*Required action*.
Under this task are some entries; return every one of them exactly.

*Extracted entries*.
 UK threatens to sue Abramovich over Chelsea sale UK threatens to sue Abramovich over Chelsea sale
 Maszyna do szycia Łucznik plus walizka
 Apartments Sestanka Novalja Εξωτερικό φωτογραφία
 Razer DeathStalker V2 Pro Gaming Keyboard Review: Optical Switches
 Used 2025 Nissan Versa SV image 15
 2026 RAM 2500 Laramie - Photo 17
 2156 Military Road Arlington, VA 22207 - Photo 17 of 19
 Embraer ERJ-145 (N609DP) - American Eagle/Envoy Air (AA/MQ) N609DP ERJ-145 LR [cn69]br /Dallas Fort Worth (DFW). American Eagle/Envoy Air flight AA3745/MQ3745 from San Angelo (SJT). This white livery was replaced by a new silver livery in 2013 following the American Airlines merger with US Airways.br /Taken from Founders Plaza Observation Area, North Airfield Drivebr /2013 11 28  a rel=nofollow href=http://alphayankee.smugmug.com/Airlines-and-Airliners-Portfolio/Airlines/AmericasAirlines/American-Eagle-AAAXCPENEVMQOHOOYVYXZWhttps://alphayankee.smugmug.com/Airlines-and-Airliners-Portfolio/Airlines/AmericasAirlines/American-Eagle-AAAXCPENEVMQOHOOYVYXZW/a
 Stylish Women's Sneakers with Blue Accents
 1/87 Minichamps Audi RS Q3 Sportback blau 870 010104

*Answer to this exercise*.
 UK threatens to sue Abramovich over Chelsea sale UK threatens to sue Abramovich over Chelsea sale
 Maszyna do szycia Łucznik plus walizka
 Apartments Sestanka Novalja Εξωτερικό φωτογραφία
 Razer DeathStalker V2 Pro Gaming Keyboard Review: Optical Switches
 Used 2025 Nissan Versa SV image 15
 2026 RAM 2500 Laramie - Photo 17
 2156 Military Road Arlington, VA 22207 - Photo 17 of 19
 Embraer ERJ-145 (N609DP) - American Eagle/Envoy Air (AA/MQ) N609DP ERJ-145 LR [cn69]br /Dallas Fort Worth (DFW). American Eagle/Envoy Air flight AA3745/MQ3745 from San Angelo (SJT). This white livery was replaced by a new silver livery in 2013 following the American Airlines merger with US Airways.br /Taken from Founders Plaza Observation Area, North Airfield Drivebr /2013 11 28  a rel=nofollow href=http://alphayankee.smugmug.com/Airlines-and-Airliners-Portfolio/Airlines/AmericasAirlines/American-Eagle-AAAXCPENEVMQOHOOYVYXZWhttps://alphayankee.smugmug.com/Airlines-and-Airliners-Portfolio/Airlines/AmericasAirlines/American-Eagle-AAAXCPENEVMQOHOOYVYXZW/a
 Stylish Women's Sneakers with Blue Accents
 1/87 Minichamps Audi RS Q3 Sportback blau 870 010104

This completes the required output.